▶ **WHAT IS BEING ASKED**: Using the data below, output a verbatim copy of the lines between the one holding "Appartamento Family Apartment Eger" and the one holding "Nhà mặt tiền", inclusive, without any pictures.

▶ **RECORDS FOR THIS TASK**:
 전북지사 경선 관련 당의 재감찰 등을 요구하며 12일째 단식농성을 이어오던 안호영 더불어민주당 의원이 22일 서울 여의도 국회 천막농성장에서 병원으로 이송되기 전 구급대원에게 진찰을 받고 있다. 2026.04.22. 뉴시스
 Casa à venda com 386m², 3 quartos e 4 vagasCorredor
==
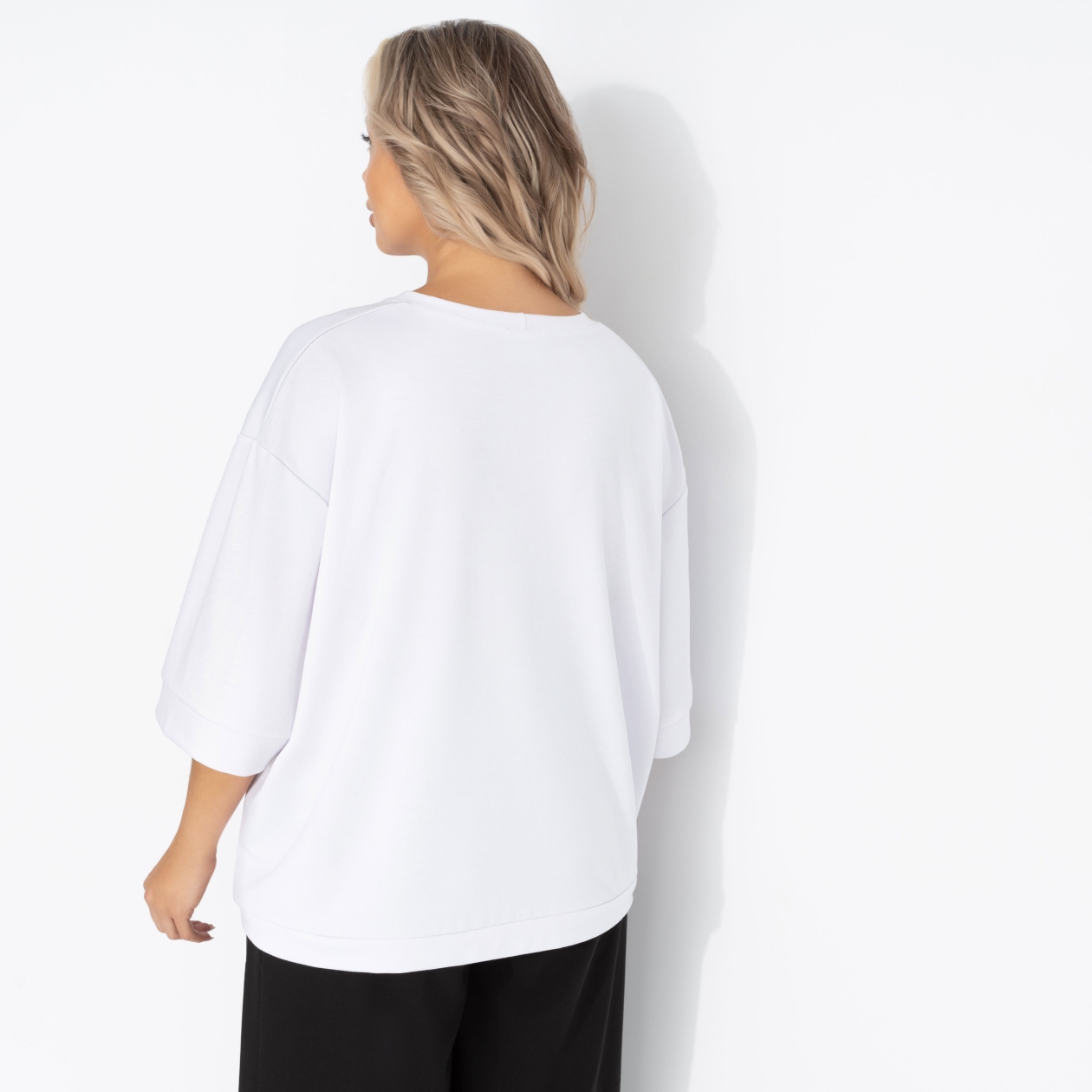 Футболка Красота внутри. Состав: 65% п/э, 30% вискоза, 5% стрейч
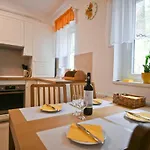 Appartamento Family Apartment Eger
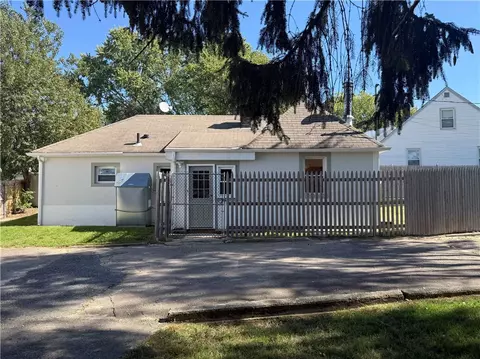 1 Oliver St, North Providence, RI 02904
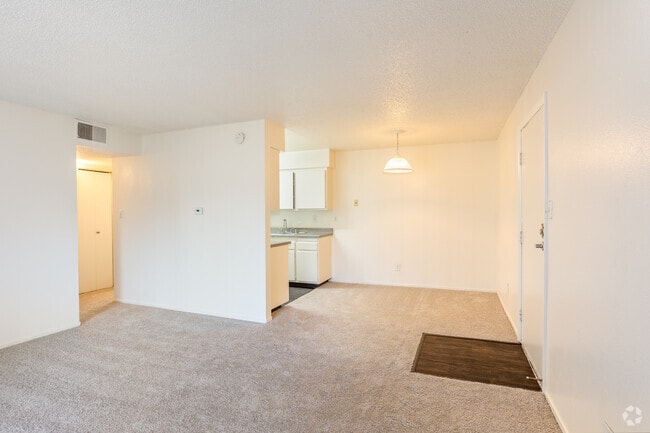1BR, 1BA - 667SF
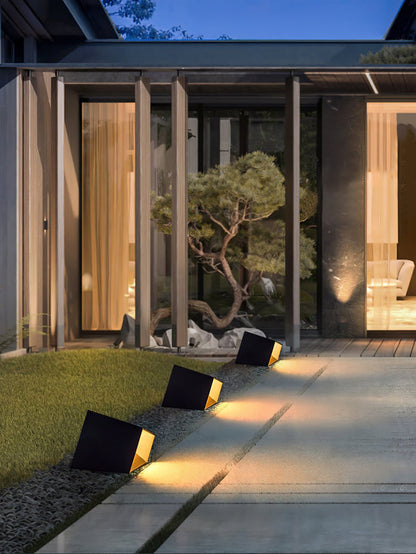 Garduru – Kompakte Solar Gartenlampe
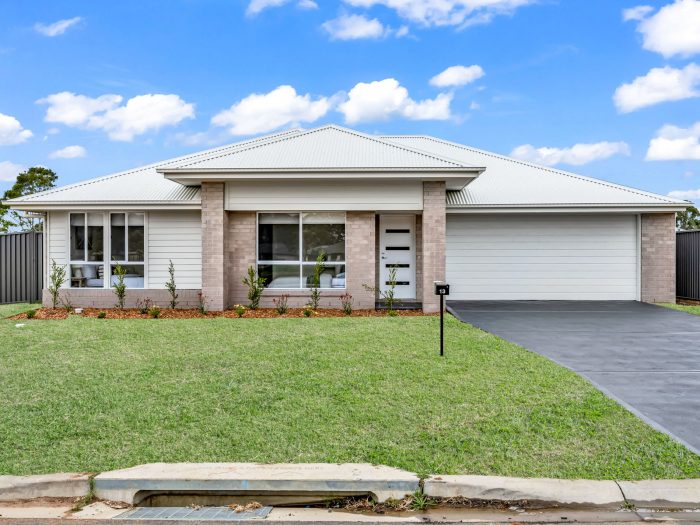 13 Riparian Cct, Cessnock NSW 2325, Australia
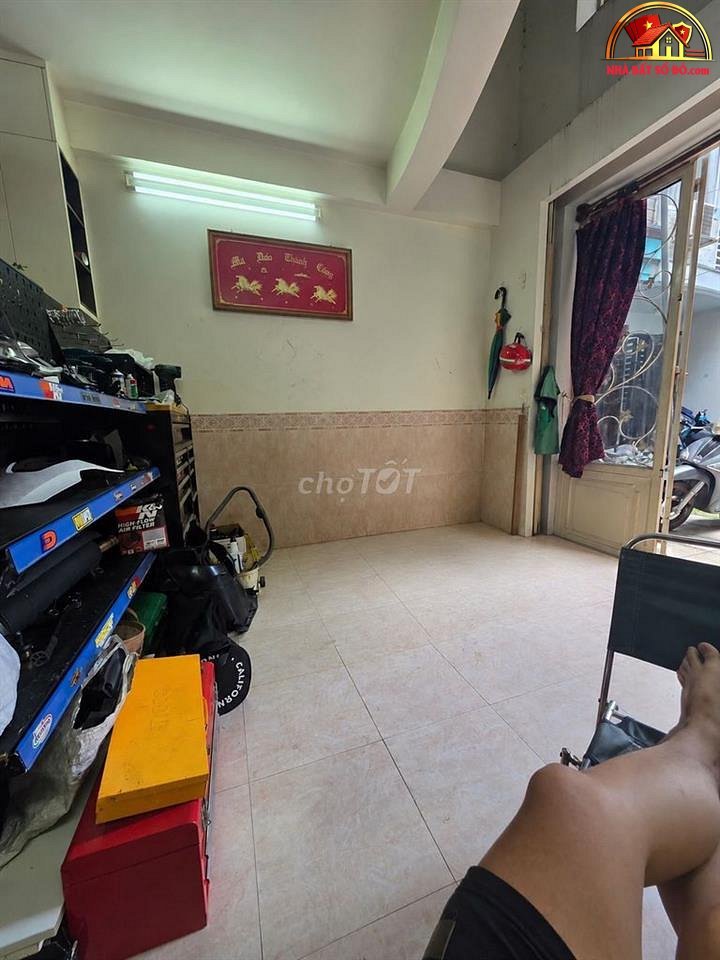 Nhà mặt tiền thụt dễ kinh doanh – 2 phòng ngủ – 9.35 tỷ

▶ **ANSWER SECTION**:
 Appartamento Family Apartment Eger
 1 Oliver St, North Providence, RI 02904
1BR, 1BA - 667SF
 Garduru – Kompakte Solar Gartenlampe
 13 Riparian Cct, Cessnock NSW 2325, Australia
 Nhà mặt tiền thụt dễ kinh doanh – 2 phòng ngủ – 9.35 tỷ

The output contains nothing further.